Sunday, September 7, 2008

The popular get richer

Pardon the hiatus; I have been busy at KDD and moving back to Pittsburgh (which included a 4-day scenic drive across the country).

In the spirit of the season I've been looking at a large dataset of campaign donations, from 1980 to 2006. This data is free to the public from the FEC; I've parsed and made it available on my website.

One can form a bipartite graph of committees (such as the Underwater Basketweavers' Political Action Committee) and candidates (such as Abraham Lincoln). Individual donations are all filtered through committees (usually a candidate has one or several designated committees), so the organization-candidate graph is the best way to measure donations to specific candidates.

A surprising observation in our KDD paper was the "fortification effect". First, if one takes the number of unique edges added to the graph (that is, the number of interactions between orgs and candidates) and compares with the total weight of the graph (that is, the total $ donated), one finds super-linear behavior. That is, the more unique donor-candidate relationships, the higher the average check becomes. The power law exponent in the org-cand graph was 1.5. (This also holds for $ vs nonunique edges, or number of checks, with exponent 1.15).

Even more interestingly, if one looks closer into the individual candidates, similar behavior emerges. The more donors a candidate has, the higher the average amount received from a donor becomes. The plot below shows money received from candidates vs. number of donor organizations.

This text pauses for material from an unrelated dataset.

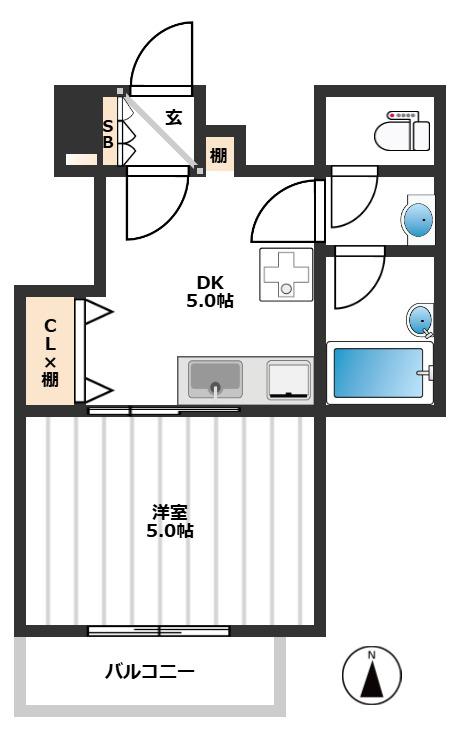 サンクレストSAITO(1DK/4階)の間取り写真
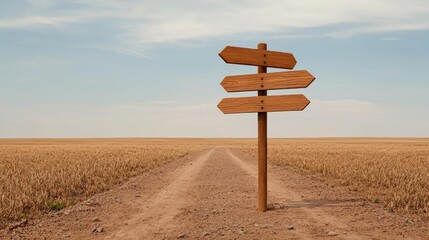 A rustic wooden signpost stands at a crossroads in an expansive golden field under a clear blue sky, symbolizing choices and directions in travel.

Each green point represents one candidate, with the y-axis being the total money that candidate has received, and the x-coordinate being the number of donating organizations. The lower points represent the median for edge-intervals, with upper quartile error bars drawn. The red line is the power law fit-- here we have super-linear behavior between number of donors and the amount donated (with exponent 1.17). And again, the same is true for non-unique donations-- the more checks, the higher the average check.

Again, this does not include the 2008 data. I hear that Obama's donation patterns are different (lots of little checks, they tell me), but haven't confirmed this yet.

5 comments:

Anonymous said...

>The data, fully built, will form a tripartite, directed graph.

There are also huge numbers of committee-to-committee transactions, which makes the graph not strictly tripartite.

> Individual donations are all filtered through committees (usually a candidate has one or several designated committees),

Not always, in some cases individuals make contributions directly to candidates, not to their committee (especially in-kind, expenses on behalf of)

Have you cleaned the dataset to standardize and disambiguate individuals names? Wouldn't impact general statistics about distribution of contribution sizes, but the names problem makes it very hard to match individuals to build an appropriate network.

Mary McGlohon said...

I didn't think there were a huge number-- my impression it was a relatively small percentage of committee-to-committee compared with committee-to-candidate. I think this information would be valuable for proximity work, but we haven't gotten there yet.

Also, at least in the FEC data, when individuals donated directly to a committee they usually have their own FEC ID, correct? In those cases we counted them as a "committee". It would be pretty easy to spot these in the dataset since they presumably aren't also collecting from other individuals.

For individual disambiguation we used last name + zip code-- we're aware it's messy so we've chose to focus mainly on the committee-candidate side.

I'm not a domain expert, so I'd welcome any other advice you have.

Anonymous said...
This comment has been removed by a blog administrator.
Anonymous said...
This comment has been removed by a blog administrator.
Anonymous said...
This comment has been removed by a blog administrator.